Internship (Permission Required) RELST-UA.981, Staff
Class #7959. 1-4 pt(s).
Independent Study (Permission Required) RELST-UA.998, Staff
Class #7960. 1-4 pt(s).
CROSS-LISTED COURSES TAUGHT BY FACULTY IN OTHER DEPARTMENTS
Topics: Eros and Sexuality in Modern Jewish Literature RELST-UA.244, Henig
Tuesday, Thursday 3:30pm-4:45pm. Class #23006. 4 pts. 7 East 12th, Rm. LL25
What’s love got to do with it? This is a question that has been debated by Jewish writers since the inception of modern Jewish literature. For decades, Jewish authors, artists, and intellectuals have negotiated the status of romantic and sexual love within Judaism, often as a troubling, at times alien, subject matter in the context of Jewishness and the Jewish tradition. With the rise of modern Yiddish and Hebrew literatures in particular, writers articulated new modes of conceiving desire, love, sex, and gender, especially as they related to Jewish society and politics, and these issues continue to be debated within the different avenues of Jewish culture today. This course is devoted to exploring the transforming status of eros and sexuality in Jewish culture by focusing on a diverse selection of literary works, alongside drama, film, and academic essays. Building on feminist and queer theory, our discussion will revolve around issues such as sexual politics and nationalism, love and religion, border-crossing, constructions of femininity and masculinity, and queer love. All materials are available in English translation.
Ancient Religion CLASS-UA 409, Kowalzig
Thursday 2:00Pm-4:45pm. Class #20020. 4 pts. SILV 503
The period from the beginnings of Greek religion until the spread of Christianity spans over 2,000 years and many approaches to religious and moral issues. Traces developments such as Olympian gods of Homer and Hesiod; hero worship; public and private religion; views of death, the soul, and afterlife; Dionysus; Epicureanism; and Stoicism. Deals with changes in Greek religion during the Roman republic and early empire and the success of Christians in converting pagans in spite of official persecution.
Living a Good Life: Greek and Jewish Perspectives RELST-UA.422 (Same as HBRJD-UA.422), Gottlieb
Monday, Wednesday 11am-12:15pm. Class #20451. 4 pts. GCASL Rm. 279
What makes a life well-lived? Central questions to be explored will include: Does living well require acquiring knowledge and wisdom? What is the place of moral responsibility in the good life? Is the good life, a happy life or does it require sacrificing happiness? Does religion lead to living well or does it hinder it? What is friendship and how does it contribute to the good life? Study of primary texts by the following thinkers: Plato, Aristotle, Seneca, Avot, Maimonides, Spinoza, and Hermann Cohen.

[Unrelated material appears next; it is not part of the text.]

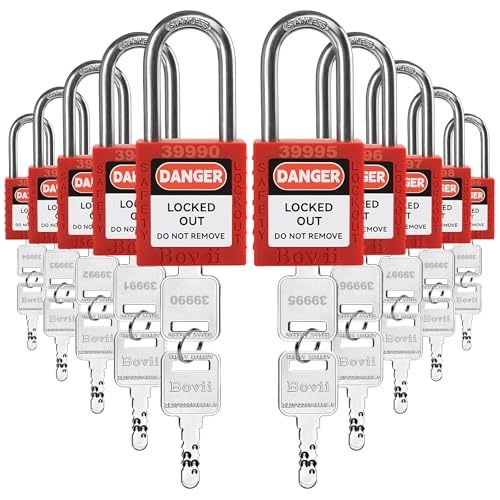 Lockout Tagout Locks Set - 10 Red Lockout Tagout Safety Padlock Keyed Different, 2 Keys Per Lock, OSHA Compliant Loto Locks for Lock Out Tag Out Stations and Devices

Myths and Cultures of the Ancient Celts RELST-UA.983 (Same as IRISH-UA.307), Waidler
Tuesday, Thursday 11am-12:15pm. Class #9588. 4 pts. Ireland House Rm. 102
From Roman claims of human sacrifice to tales of shape-shifting goddesses and from heroes that live for hundreds of years to journeys to Otherworlds and magical creatures, the world of Celtic myth and its interpretation presents us with a rich panorama. This class explores what we know about non-Christian religions in the Celtic regions, drawing on archaeological evidence and examining literary sources for medieval perceptions of paganism. In the first part of the class we will define what we can really know about the ‘religious’ beliefs of the wider Celtic world before and during the Roman conquests before turning to the literary tales that survive from the Middle Ages that are set in the non-Christian past of Ireland and Wales. We will question what can be defined as ‘myth’ and how stories of pagan gods and heroes are treated in a medieval Christian world. This course will take a critical approach to the material and continue to question how much we can know about these early belief systems and what our surviving literary texts meant to their various audiences.
Topics: The History, Politics, and Poetics of Bible Translation RELST-UA.983 002 (Same as HBRJD-UA 949), Feldman
Tuesday, Thursday 9:30am-10:45pm. Class #22899. 4 pts. 7 East 12th, Rm. 125
This course engages the reality that the Bible pervades public media and discourse even where it is not named or acknowledged. The ultimate interest of the course is the Bible itself, how it is read (or not read, but still used) today in relation to the purposes and contexts of its writing in ancient times.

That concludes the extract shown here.